**TASK INPUTS**
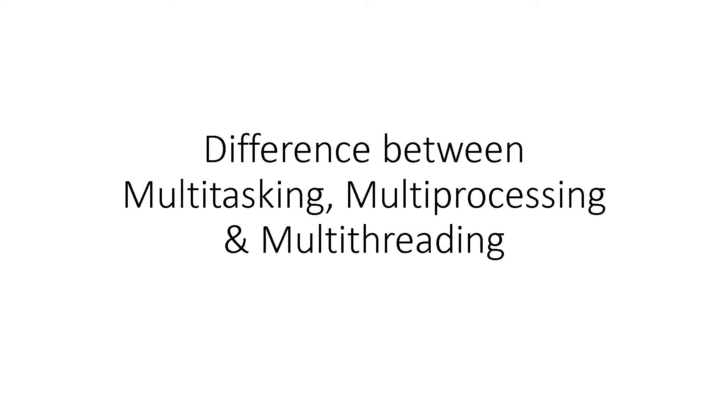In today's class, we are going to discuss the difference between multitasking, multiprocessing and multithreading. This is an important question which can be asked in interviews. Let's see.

* * *

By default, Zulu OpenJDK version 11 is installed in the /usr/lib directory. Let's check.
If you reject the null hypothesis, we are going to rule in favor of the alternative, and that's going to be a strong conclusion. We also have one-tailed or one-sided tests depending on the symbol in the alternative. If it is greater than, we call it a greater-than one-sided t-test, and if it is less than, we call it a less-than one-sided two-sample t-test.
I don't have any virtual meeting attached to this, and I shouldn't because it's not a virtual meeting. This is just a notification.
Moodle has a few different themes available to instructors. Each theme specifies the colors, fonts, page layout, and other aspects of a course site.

**WHAT THIS TASK INVOLVES**
Throughout the data above, report every line that contains the string "have".

**EXERCISE RESULT**
If you reject the null hypothesis, we are going to rule in favor of the alternative, and that's going to be a strong conclusion. We also have one-tailed or one-sided tests depending on the symbol in the alternative. If it is greater than, we call it a greater-than one-sided t-test, and if it is less than, we call it a less-than one-sided two-sample t-test.
I don't have any virtual meeting attached to this, and I shouldn't because it's not a virtual meeting. This is just a notification.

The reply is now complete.